We are also using SQLDatabase class - a SQLAlchemy(ORM library for Python) wrapper, it creates an engine from the given database uri.
Run the following scripts to create a table and populate it with some dummy data
CREATE TABLE employees (
postgres(# id SERIAL PRIMARY KEY,
postgres(# name VARCHAR(100),
postgres(# age INTEGER
postgres(# );
INSERT INTO employees (id, name, age) VALUES (1, 'John Doe', 30);
INSERT INTO employees (id, name, age) VALUES (2, 'Jane Doe', 20);
INSERT INTO employees (id, name, age) VALUES (3, 'Lily', 20);
from langchain_community.utilities import SQLDatabase
db = SQLDatabase.from_uri("postgresql://localhost:5432/postgres")
print(db.dialect)
print(db.get_usable_table_names())
postgresql ['employees']
In th next code cell, we are creating a chain that would first write a SQL query from the given input question and then pass the output to execute_query. We then execute this chain and print the response.
Let's analyse what each on of these steps do -
- write query: we use the built-in chain from LangChain create_sql_query_chain to convert an input to a SQL query
- execute_query: We make use of QuerySQLDataBaseTool class (Tool for querying a SQL database) to execute the generated SQL query.
- create a chain using #1 and #2.
What is a chain?¶
In LangChain, a "chain" refers to a sequence of operations or steps that are linked together to accomplish a specific task using language models. Each step in the chain can involve different types of processing, such as retrieving information, transforming data, or generating responses.
Chains allow for the composition of multiple steps into a coherent process. This can involve sequential steps where the output of one step is passed to the next, or parallel steps that execute simultaneously.

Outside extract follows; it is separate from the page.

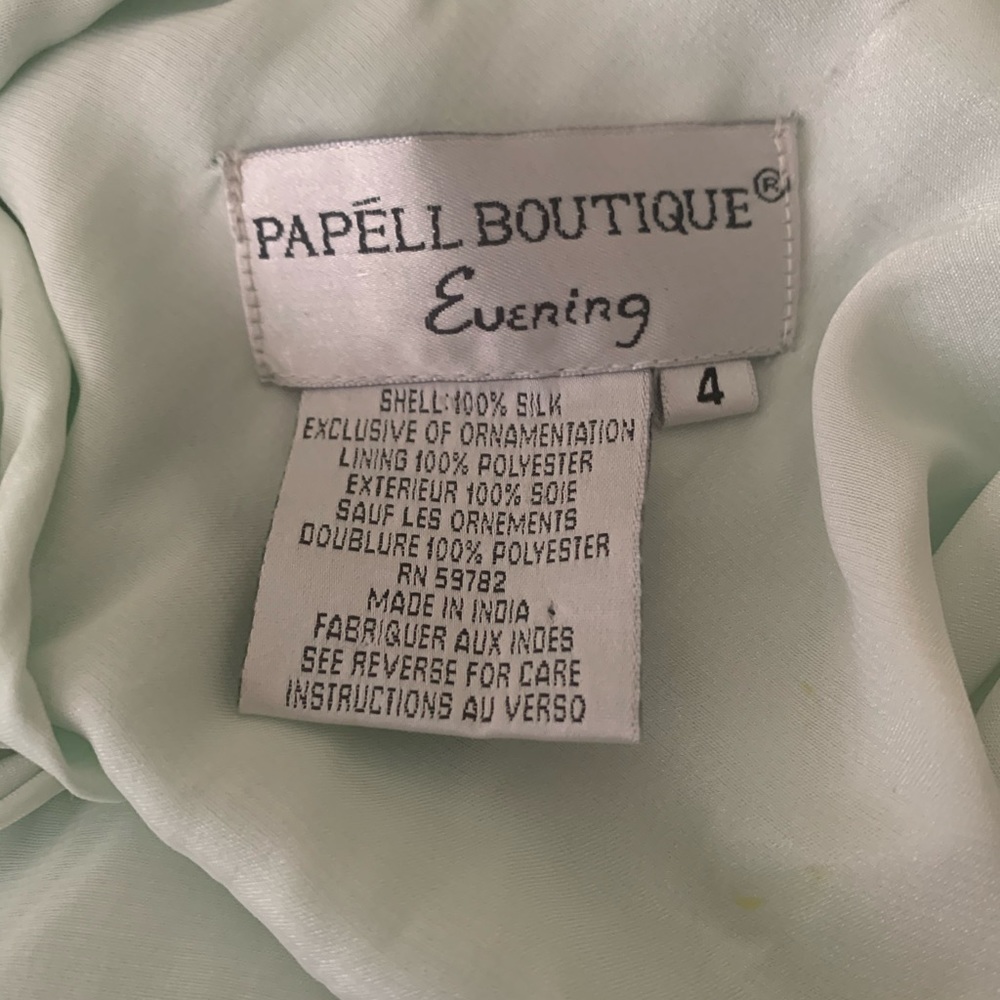 COPY - Beautiful boutique and one of a kind, teal sequined, slight mermaid bodi… - Picture 10 of 11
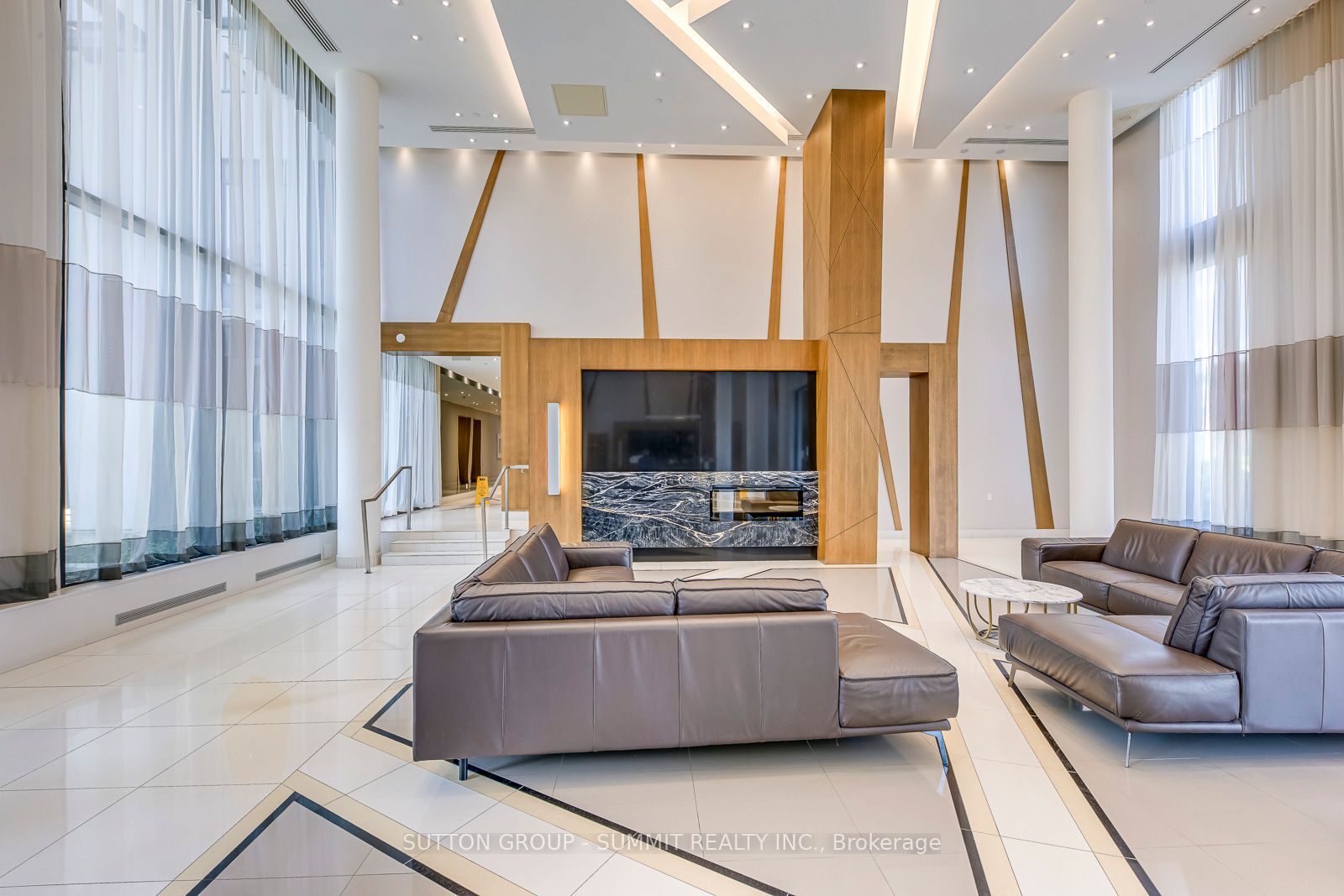 55 EGLINTON Avenue 1305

In the below code, we are creating a chain named "chain"
chain = write_query | execute_query
where, "|" is used to create a chain with step #1 and step #2.
from langchain.chains import create_sql_query_chain
from langchain_community.tools.sql_database.tool import QuerySQLDataBaseTool
execute_query = QuerySQLDataBaseTool(db=db)
write_query = create_sql_query_chain(model, db)
chain = write_query | execute_query
response = chain.invoke({"question": "Name the employees who are in their twenties?"})
print(response)
[('Jane Doe',), ('Lily',)]
Another way of implementing RAG over structured data using LangChain is to use agents intead of chains. Please check the official documentation to go through the advantages of using one over the other.
In conclusion, implementing RAG using LangChain can enhance the efficiency and accuracy of information retrieval processes, providing more relevant and contextually appropriate responses. As we have explored throughout this article, the flexibility and power of LangChain make it a valuable tool for developers and researchers.
Please do remember to consider the threats with respect to giving a chain/agent the permission to query data directly from your databases. Make sure to set the permissions correctly.